Kathleen: We can find an authentic perspective on what life was like in the remote hills of Schoharie County at this time. From Henry Conklin, from his book “Through Poverty’s Vale, a hardscrabble Boyhood in upstate New York.” The following are excerpts from his book, as they describe his encounters with J.C. Tompkins.

That night, Jay came down to see us, and I shall never forget him. What a rollicking and fun loving fellow he was and what hours of fun and laughter he made for us. Years later, he would hit the fire shovel red hot, then lick it with his tongue and not get burned. And then he said he could swallow us if he had some grease to grease our heads with. Many, many a time. He used to come over and have fun with us, chasing us around the house to swallow us. The next spring and summer went along as usual. I had gotten more acquainted with most of our new neighbors.

Mr. Tompkins family were the nearest and were. We went there the most. There was old Mr. and Mrs. Tompkins or Aunt Peggy, as we called her. She was a great big, fat, good natured old lady, most always out to work in the lots. She had two great big dogs. She would take them and go up in the lots on the side hill and dig out woodchucks. The dogs would haul one. And then the fun would begin. The dogs both digging and she with a hoe or shovel. I tell you, the dirt would fly when she got after a woodchuck. Everyone in the neighborhood knew it by the noise she made. Yelling sick em, sick em. Brother James and I used to skin up across the lots to help her and see the fun and fun it was. The fat old woman would work and dig until the sweat ran off her face to get a woodchuck for a roast. For they used to eat them.

The old lady kept guinea pigs. They were a little chunk of an animal, about half as large as a rabbit with short legs, short ears and short tails. And I know it was like a little pig. They were fed on grass and clover, winter and summer. They were spotted black and white. In summer, she kept them in large, tight yard, outdoors. And in winter she kept them in boxes or cages in the house under her bed. She raised them for the Albany market, taking them there every fall. All but 2 or 3 pairs to breed from the next year. The rich people in Albany bought them and kept them in great cages for pets, just the same as people now keep canary birds. She used to get as high as $5 a pair, and that would depend on their beauty as to the spots. She made more clean money at her guinea pigs than they did off the farm. I have stayed over there many an hour to look at the guinea pigs and help her pick clover to feed them. Her husband, the old gentleman, was very quiet, sort of an easygoing worker, always busy and always quiet.

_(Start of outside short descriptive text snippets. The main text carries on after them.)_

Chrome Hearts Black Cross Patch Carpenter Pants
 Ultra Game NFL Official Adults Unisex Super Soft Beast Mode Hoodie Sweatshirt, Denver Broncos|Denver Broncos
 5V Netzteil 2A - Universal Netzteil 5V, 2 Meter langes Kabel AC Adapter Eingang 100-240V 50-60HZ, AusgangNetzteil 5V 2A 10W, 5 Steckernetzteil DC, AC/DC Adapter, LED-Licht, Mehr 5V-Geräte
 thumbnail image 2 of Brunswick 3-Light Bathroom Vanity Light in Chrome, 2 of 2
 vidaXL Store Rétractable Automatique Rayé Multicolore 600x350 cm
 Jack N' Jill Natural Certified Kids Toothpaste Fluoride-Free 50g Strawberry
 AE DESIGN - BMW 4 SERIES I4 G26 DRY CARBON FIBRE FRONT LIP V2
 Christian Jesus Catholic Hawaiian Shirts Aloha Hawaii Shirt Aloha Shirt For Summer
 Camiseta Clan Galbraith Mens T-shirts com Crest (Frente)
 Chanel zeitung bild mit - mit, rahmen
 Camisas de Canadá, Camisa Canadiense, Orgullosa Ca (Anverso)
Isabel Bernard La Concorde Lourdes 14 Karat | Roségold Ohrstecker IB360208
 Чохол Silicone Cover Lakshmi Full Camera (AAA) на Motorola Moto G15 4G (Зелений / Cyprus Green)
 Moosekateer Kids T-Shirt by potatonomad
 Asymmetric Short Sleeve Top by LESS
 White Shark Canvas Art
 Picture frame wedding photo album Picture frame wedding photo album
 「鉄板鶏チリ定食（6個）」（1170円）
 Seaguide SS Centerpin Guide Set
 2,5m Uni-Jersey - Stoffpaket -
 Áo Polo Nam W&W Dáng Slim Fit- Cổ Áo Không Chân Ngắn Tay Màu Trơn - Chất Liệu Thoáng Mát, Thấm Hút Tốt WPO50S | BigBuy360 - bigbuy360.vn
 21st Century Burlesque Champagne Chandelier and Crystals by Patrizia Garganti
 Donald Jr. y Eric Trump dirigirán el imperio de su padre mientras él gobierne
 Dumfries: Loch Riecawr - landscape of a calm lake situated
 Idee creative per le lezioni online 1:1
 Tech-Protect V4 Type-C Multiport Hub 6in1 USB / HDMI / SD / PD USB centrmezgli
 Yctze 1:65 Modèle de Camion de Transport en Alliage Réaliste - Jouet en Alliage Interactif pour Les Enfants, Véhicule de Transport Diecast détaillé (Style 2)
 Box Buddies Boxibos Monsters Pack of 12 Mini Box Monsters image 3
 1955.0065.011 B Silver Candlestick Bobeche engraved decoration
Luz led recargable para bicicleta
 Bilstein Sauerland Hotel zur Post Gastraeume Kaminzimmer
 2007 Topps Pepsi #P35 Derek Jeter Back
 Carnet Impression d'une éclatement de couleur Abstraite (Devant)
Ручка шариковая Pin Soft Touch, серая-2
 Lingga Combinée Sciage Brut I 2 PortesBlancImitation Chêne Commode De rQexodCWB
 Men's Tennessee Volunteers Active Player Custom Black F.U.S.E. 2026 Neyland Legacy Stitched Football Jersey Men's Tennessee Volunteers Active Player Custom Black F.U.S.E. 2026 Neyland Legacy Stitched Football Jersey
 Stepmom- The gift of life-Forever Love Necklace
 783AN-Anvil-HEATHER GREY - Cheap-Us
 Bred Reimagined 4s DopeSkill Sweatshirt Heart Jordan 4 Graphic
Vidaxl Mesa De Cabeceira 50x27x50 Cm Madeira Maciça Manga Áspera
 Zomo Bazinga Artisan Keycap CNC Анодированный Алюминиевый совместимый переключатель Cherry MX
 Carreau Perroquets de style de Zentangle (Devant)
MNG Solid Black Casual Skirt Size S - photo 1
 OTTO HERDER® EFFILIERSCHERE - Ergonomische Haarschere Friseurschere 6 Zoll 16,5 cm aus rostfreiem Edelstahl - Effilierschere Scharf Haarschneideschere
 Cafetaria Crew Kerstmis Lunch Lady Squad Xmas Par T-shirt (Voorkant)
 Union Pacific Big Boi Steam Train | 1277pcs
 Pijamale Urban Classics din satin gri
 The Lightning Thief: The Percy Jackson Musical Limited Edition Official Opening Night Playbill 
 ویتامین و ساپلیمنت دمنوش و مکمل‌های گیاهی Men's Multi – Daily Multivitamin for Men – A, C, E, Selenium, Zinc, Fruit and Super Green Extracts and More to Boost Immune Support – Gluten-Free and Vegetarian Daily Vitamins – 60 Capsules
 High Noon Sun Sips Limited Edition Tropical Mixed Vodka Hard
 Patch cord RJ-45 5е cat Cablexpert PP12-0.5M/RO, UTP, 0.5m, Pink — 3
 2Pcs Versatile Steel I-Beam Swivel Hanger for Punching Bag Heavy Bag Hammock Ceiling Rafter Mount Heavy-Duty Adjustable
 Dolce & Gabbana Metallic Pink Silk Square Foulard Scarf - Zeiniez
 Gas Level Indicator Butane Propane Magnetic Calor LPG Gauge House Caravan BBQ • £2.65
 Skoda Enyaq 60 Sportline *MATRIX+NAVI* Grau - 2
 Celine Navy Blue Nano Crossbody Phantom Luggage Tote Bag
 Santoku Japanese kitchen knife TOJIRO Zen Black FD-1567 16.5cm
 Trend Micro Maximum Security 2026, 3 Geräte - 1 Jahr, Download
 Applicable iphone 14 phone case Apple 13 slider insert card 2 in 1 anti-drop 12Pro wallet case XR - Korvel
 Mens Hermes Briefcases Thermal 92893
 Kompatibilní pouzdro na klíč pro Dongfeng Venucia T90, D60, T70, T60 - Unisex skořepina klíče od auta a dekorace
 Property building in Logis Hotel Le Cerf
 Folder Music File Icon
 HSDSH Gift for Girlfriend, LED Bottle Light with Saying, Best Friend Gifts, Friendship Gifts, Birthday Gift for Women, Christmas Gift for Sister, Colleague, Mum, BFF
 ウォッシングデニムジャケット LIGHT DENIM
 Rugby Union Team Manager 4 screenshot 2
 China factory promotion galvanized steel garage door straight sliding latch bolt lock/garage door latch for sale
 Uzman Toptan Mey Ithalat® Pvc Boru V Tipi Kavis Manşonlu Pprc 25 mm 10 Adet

But there was their son, J, as I told you before. He was full of fun and frolic. He used to come down to our house to torment us children. He would open his great wide mouth and chase us around the house to swallow us. And he said many a time he could do it if our heads were greased. His wife, Elizabeth, was full of fun as J only not quite as noisy. They had two children, Joshua and Hannah. Hannah was the baby, and when she was a little, J would come over one day and flattered me up to go and work for him till I was 21 years old. He was to give me Hannah for a wife, a pair of guinea pigs and an old frozen footed hen that he said went thump thump across the barn floor. So I went over with him and stayed all night, but I did not sleep much. Next morning he set me to rock in the cradle with Hannah laid in it. He said she was to be my wife. I must begin to take care of her now. And after breakfast he would show me the old hen. Henry never did marry Baby Hannah. Hannah Tompkins married Austin from Eminence and they lived in a farmhouse in Eminence that I can see from my living room window.